Bishop Mitri Raheb, a Palestinian Lutheran pastor, who serves Christmas Lutheran Church in Bethlehem, Palestine, was in Wilmington on Monday meeting with pastors and with anyone who wanted to show up and hear him on Monday afternoon in Newark and Monday evening at Westminster Presbyterian, a block away from St. Stephen’s. On Sunday, a few of us met in adult study to discuss his book: Faith in the Face of Empire: the Bible through Palestinian Eyes. Yesterday he preached at the Lutheran Seminary at Philadelphia’s graduation at which our Coordinator for Mission, Douglas Barclay received his diploma. Thanks and praise be to God!
One of the terms Pastor Raheb uses in his book is the French term used by historians: longue durée. In essence this means to take the long view – not an easy thing for us humans who tend to look through the lens of our threescore and ten year time frames.
Yet, as people of faith, we are called to see life from the perspective of God and that is the long view. We are called to live towards a vision that has broken in but has not yet been fully realized. So for instance, Jesus didn’t pay much mind to the Roman occupiers of his day because he knew that empires come and go. The people of his day couldn’t have imagined that to be true because Rome seemed all powerful, but from the long view, Rome’s power would go the way of the previous empires: Assyria, Babylon, Persia, Greece. Jesus was teaching that true power, lasting power, effective power looks very different from the power of empire. He was empowering his disciples to live in response to God’s reign, not Rome’s. God calls fishermen and farmers andus to be ambassadors for God’s kingdom.
Of course, it’s very hard to live in response to that which is not yet fully realized, especially if the reality in which we live includes suffering, oppression, hunger, violence; and yet, at the same time the only way out of those situations is to act and speak, to live and breathe the alternative power that Jesus offers. The only true way forward is to keep declaring and making room for God’s reign even when it seems that someone else is in power.
Having the long view is what allows us to hope.

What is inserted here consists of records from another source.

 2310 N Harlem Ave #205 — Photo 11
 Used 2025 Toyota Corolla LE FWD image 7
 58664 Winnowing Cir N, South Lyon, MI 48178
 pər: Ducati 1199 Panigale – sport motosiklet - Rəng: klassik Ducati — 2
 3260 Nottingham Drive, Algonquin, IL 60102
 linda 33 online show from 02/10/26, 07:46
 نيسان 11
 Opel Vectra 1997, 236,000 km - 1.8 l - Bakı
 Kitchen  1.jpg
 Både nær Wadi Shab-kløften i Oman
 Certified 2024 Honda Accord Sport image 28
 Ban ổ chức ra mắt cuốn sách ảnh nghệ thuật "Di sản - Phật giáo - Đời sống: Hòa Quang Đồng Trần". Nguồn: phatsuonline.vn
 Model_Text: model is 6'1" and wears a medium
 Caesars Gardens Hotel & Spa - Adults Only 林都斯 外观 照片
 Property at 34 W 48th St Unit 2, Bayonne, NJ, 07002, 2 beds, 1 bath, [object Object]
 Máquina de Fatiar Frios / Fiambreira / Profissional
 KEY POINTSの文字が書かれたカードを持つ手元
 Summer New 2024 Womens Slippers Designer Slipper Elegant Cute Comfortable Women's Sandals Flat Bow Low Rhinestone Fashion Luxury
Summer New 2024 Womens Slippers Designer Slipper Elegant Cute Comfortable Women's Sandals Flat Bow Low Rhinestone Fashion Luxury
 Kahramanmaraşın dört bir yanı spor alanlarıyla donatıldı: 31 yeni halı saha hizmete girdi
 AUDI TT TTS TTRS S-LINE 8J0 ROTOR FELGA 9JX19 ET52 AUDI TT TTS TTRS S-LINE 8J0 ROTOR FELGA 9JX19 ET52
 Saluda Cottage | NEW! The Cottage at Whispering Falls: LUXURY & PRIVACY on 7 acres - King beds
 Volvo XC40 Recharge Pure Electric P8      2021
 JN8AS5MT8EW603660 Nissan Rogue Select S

As Raheb writes: “Hope is the power to keep focusing on the larger vision while taking the small, often undramatic, steps toward that future.”
Do you see how longue durée helps us in our own lives? In our own health struggles? Grief? As leaders of St. Stephen’s? In our work places? Do we live only in response to today or also and always in response to the vision of God’s kingdom that is both now and not yet?